The proposed NCTSI III project will target resettled refugee and other traumatized immigrant youth age 10 to 17, and their families, who have experienced traumatic events. The project will target this population within the following geographic catchment area: greater Burlington, Vermont. The Burlington area is Vermont’s only refugee resettlement community, having resettled nearly several thousand refugees during the past five years. Refugee and other vulnerable immigrant youth in Vermont frequently experience flashbacks to traumas experienced before, during, and after forced migration. The Association of Africans Living in Vermont – this project’s primary applicant – is keenly aware of the interplay between (1) the youth who experienced and continue to express trauma and (2) the youth’s social environment as fundamental to intervening and helping a youth recover from trauma.

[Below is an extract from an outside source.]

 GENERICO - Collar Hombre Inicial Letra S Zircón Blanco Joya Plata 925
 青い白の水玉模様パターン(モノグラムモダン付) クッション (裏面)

The proposed, five-year project will implement the evidence-based Trauma Systems Therapy for Refugees by imbedding multilingual clinician and cultural broker teams in area middle and high schools with high numbers of refugee and vulnerable immigrants. AALV and its mental health clinic partner, Vermont Psychological Services, will partner with Boston Children’s Hospital, Trauma and Community Resiliency Center, the developer of TST-R, to provide TST-R training and technical assistance. The University of Minnesota, Department of Social Work will provide data management technical assistance and the project evaluation.

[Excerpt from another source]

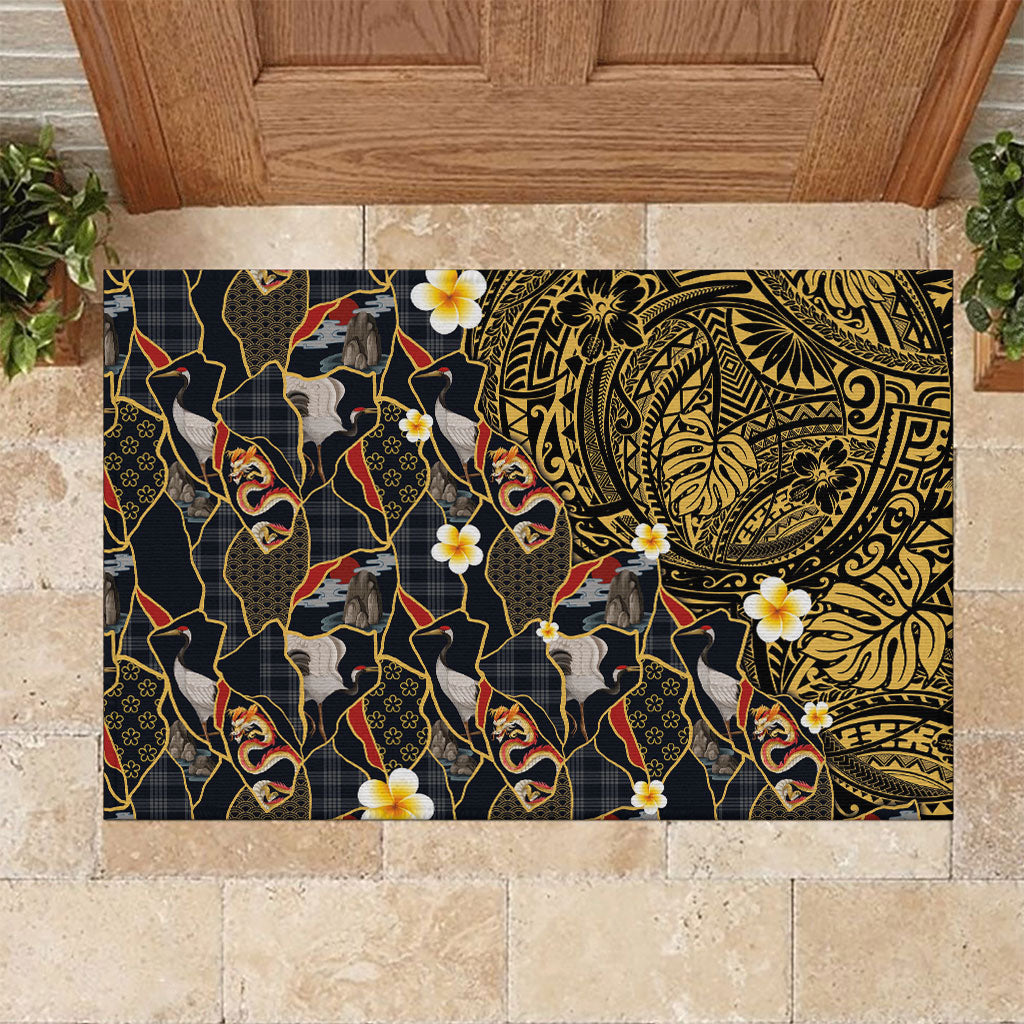 Hawaiian and Japanese Rubber Doormat Polynesian Tattoo with Japanese Culture Kintsugi Style LT03 Multicolor - Polynesian Pride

The TST-R approach includes three prevention and intervention components: (1) community engagement, (2) prevention and early intervention, and (3) intensive intervention, with services delivered at schools, outpatient clinics, at families’ homes, and in the community. The project operates along four treatment tiers of the social ecological model and applies a phase-based method of treatment. The project will operate this model in Burlington and Winooski Schools.
The proposed project contemplates assisting 350 refugee and other vulnerable immigrant youth during the five-year project period.